Former factory awaits new use
KINGSTON, N.Y. » The city Planning Board next month will begin its review of the proposal to turn a former furniture factory into a multiuse commercial facility that would include a TV and film production center.
The proposal for the building at 2 S. Prospect St., near Greenkill Avenue, has been submitted by affordable housing agency RUPCO. The Planning Board is to take it up when it meets at 6 p.m. July 10 in City Hall, 420 Broadway.
The project, to be called The Metro, is the first RUPCO undertaking that doesn’t include a housing component.

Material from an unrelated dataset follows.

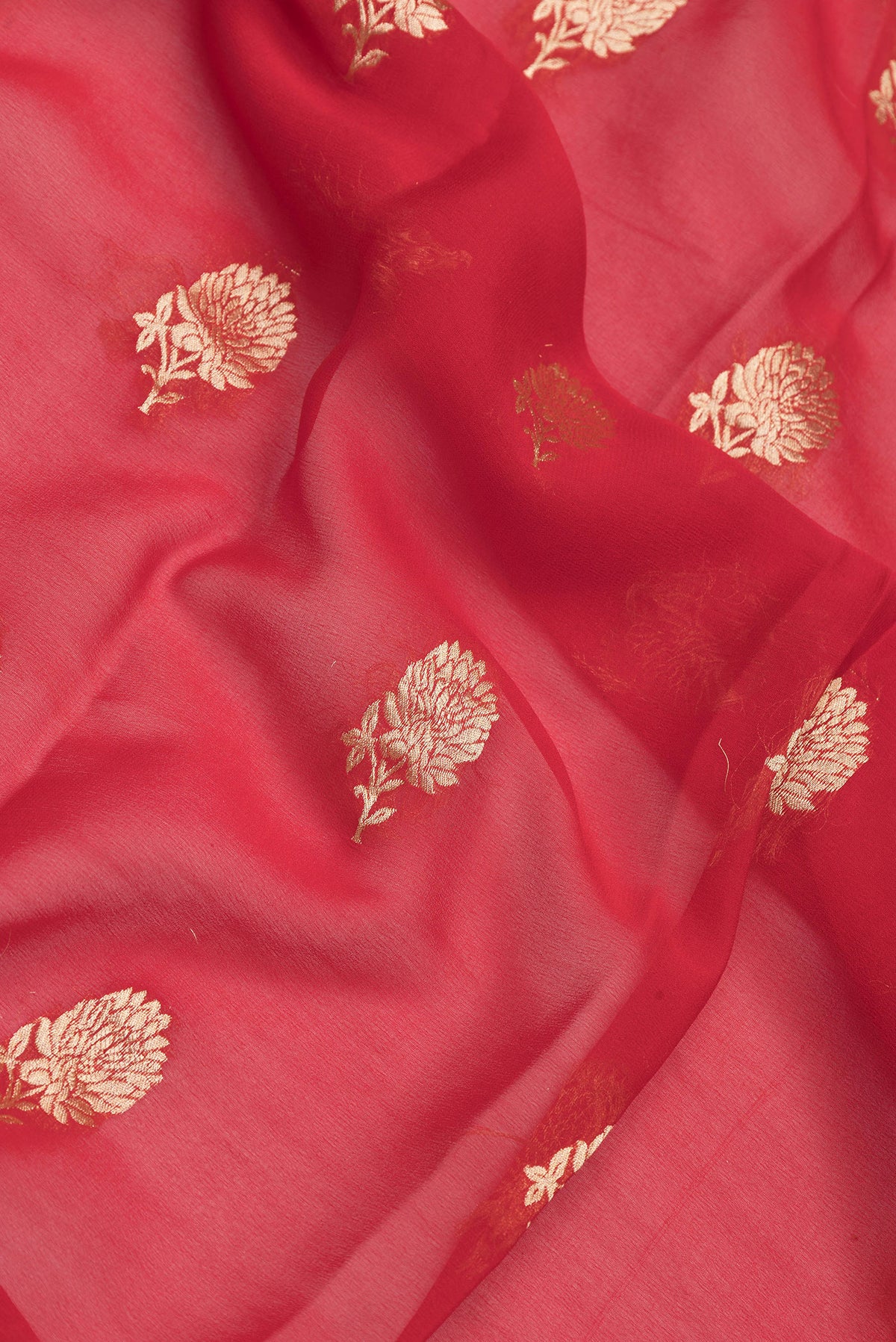 Close up of Red Dual Tone Mysore Georgette Saree with Zari Butta on the body and Zari Border.  displaying folds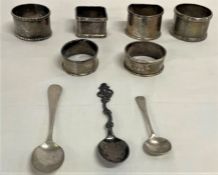 6 silver napkin rings and 3 silver spoons, 5.58ozt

“The applicant proposes to continue the use of the property for a variety of light industrial
maker spaces catering to the creative arts,” states a project narrative submitted to the city by Scott Dutton, a Kingston architect who is designing the plan.
Dutton, who has worked on other RUPCO projects, said the renovation work is likely to be extensive. The project’s estimated cost is $11.5 million.
“In order to facilitate a more sustainable tenant base, the building will need
to undergo extensive renovations to address years of deferred maintenance,” the narrative reads.
The 70,000-square-foot building, which dates to 1947 and is on the National Register of Historic Places, most recently housed the Hall of Records of Metropolitan Life. It originally was the Pilgrim Furniture factory.
Among the expected tenants of The Metro is a TV/film production center headed by actress Mary Stuart Masterson, who lives in Dutchess County and founded a nonprofit called Stockade Works.
RUPCO says The Metro is part of its “Community Wealth Building” program.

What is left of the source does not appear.